■ What you should do:
Print the records below exactly. Omit every picture.
##### Records supplied #####
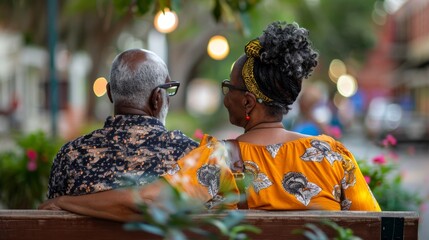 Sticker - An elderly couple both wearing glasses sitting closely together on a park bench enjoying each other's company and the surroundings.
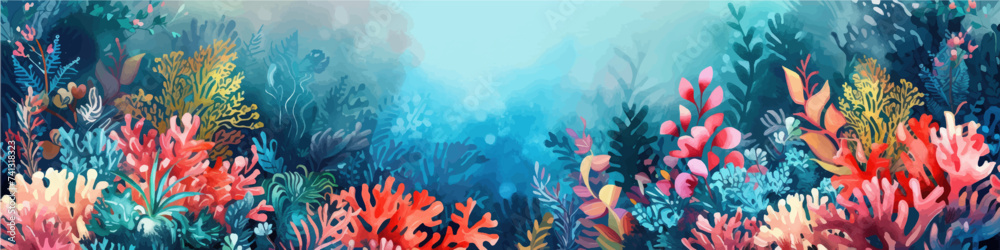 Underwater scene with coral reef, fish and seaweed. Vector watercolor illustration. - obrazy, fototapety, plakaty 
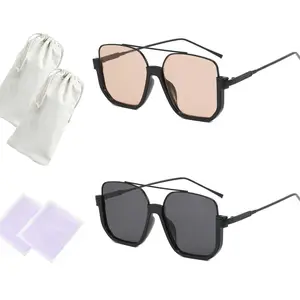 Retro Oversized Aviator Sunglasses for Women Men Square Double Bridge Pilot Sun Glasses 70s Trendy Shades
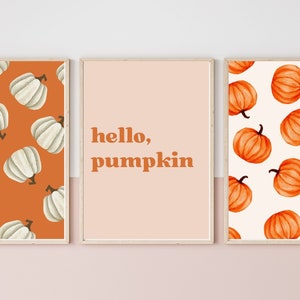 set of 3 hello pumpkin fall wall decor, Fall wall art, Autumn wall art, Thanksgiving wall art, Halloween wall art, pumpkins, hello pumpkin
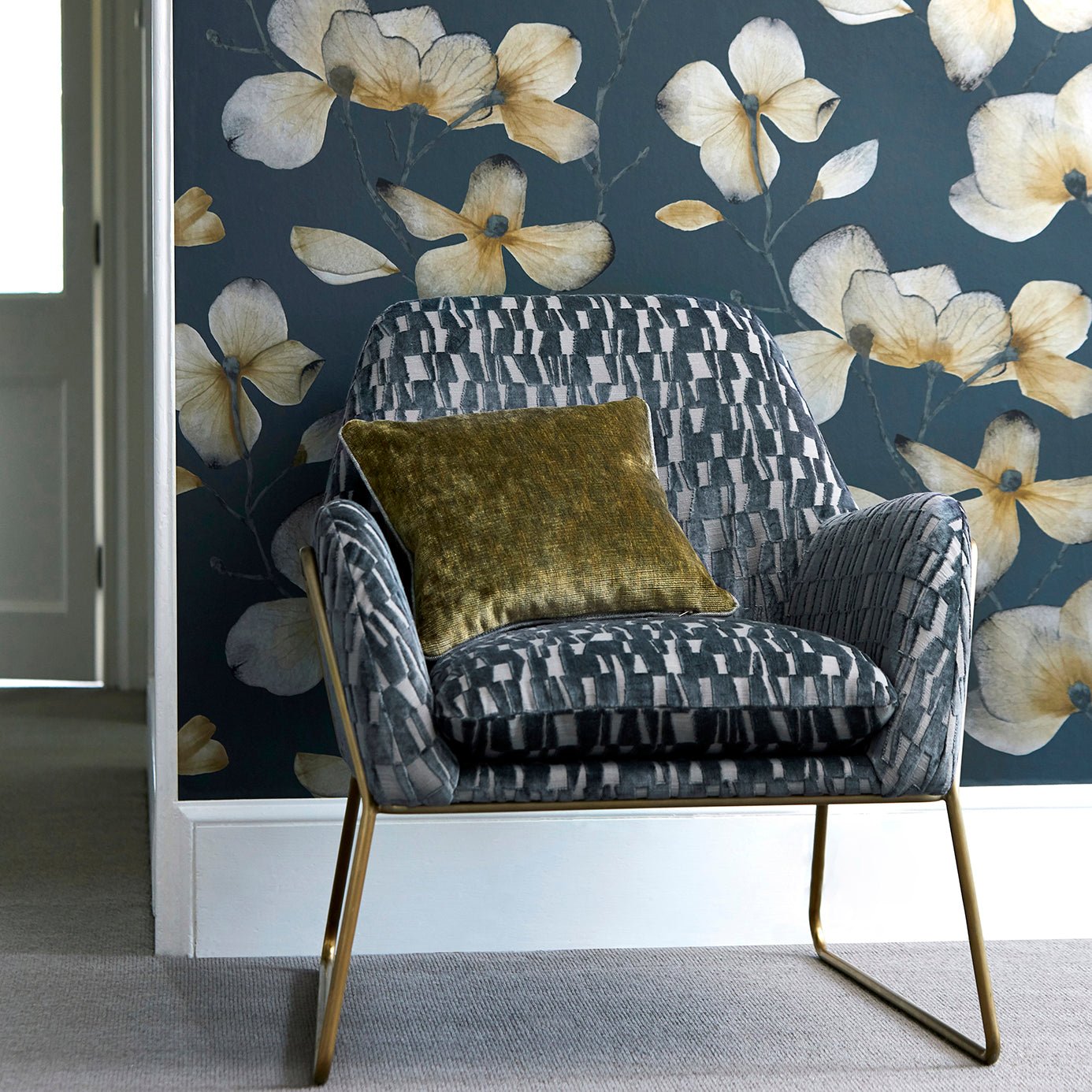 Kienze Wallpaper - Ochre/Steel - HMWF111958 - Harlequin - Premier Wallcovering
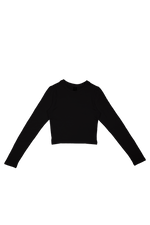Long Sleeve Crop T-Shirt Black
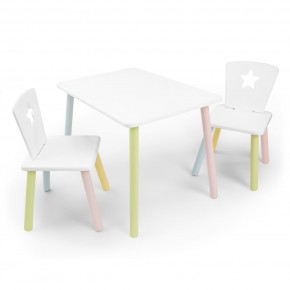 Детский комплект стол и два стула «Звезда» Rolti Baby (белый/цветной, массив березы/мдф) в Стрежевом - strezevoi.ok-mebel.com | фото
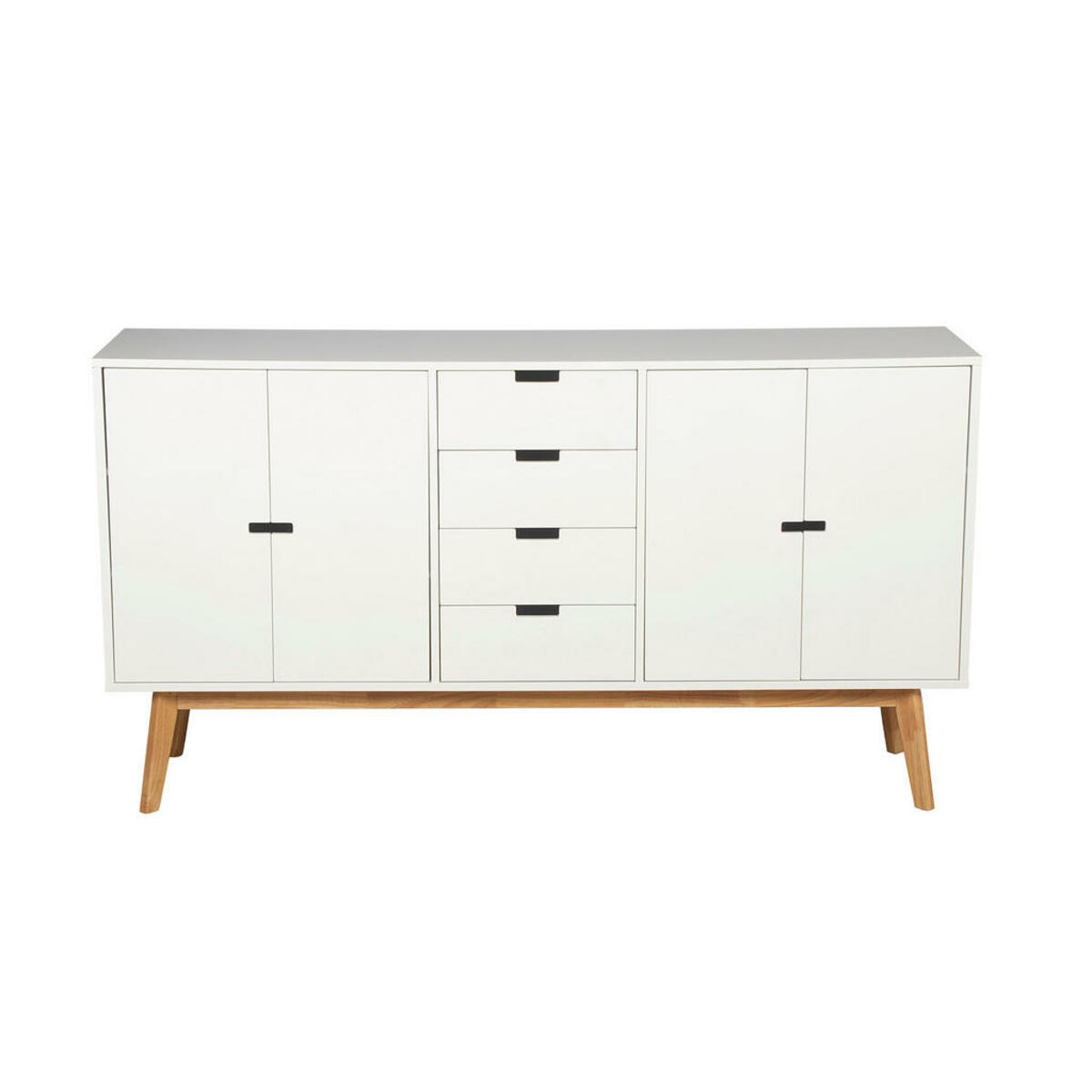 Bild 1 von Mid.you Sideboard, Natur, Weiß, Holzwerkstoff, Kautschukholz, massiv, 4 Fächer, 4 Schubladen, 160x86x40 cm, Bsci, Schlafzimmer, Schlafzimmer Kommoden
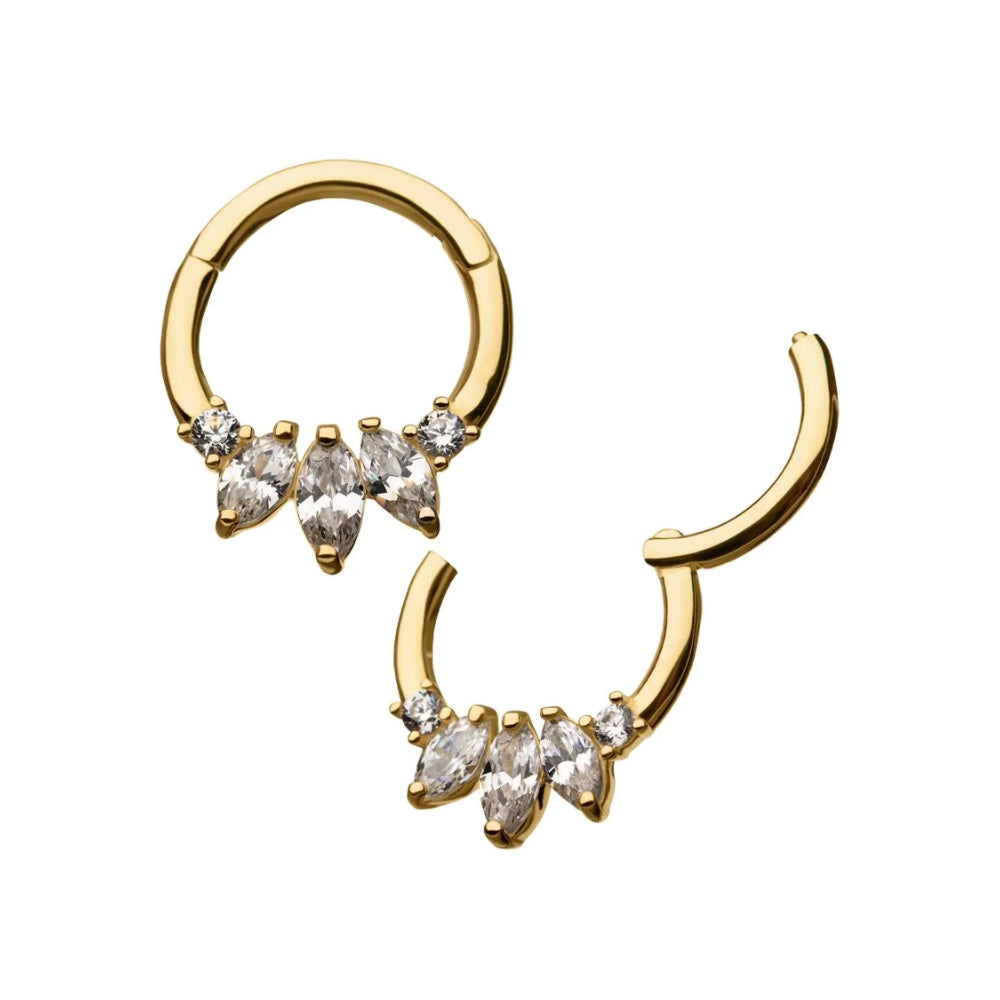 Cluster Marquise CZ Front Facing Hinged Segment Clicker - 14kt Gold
#####
■ Exercise result:
 Sticker - An elderly couple both wearing glasses sitting closely together on a park bench enjoying each other's company and the surroundings.
 Underwater scene with coral reef, fish and seaweed. Vector watercolor illustration. - obrazy, fototapety, plakaty 
 Retro Oversized Aviator Sunglasses for Women Men Square Double Bridge Pilot Sun Glasses 70s Trendy Shades
 set of 3 hello pumpkin fall wall decor, Fall wall art, Autumn wall art, Thanksgiving wall art, Halloween wall art, pumpkins, hello pumpkin
 Kienze Wallpaper - Ochre/Steel - HMWF111958 - Harlequin - Premier Wallcovering
Long Sleeve Crop T-Shirt Black
 Детский комплект стол и два стула «Звезда» Rolti Baby (белый/цветной, массив березы/мдф) в Стрежевом - strezevoi.ok-mebel.com | фото
 Bild 1 von Mid.you Sideboard, Natur, Weiß, Holzwerkstoff, Kautschukholz, massiv, 4 Fächer, 4 Schubladen, 160x86x40 cm, Bsci, Schlafzimmer, Schlafzimmer Kommoden
 Cluster Marquise CZ Front Facing Hinged Segment Clicker - 14kt Gold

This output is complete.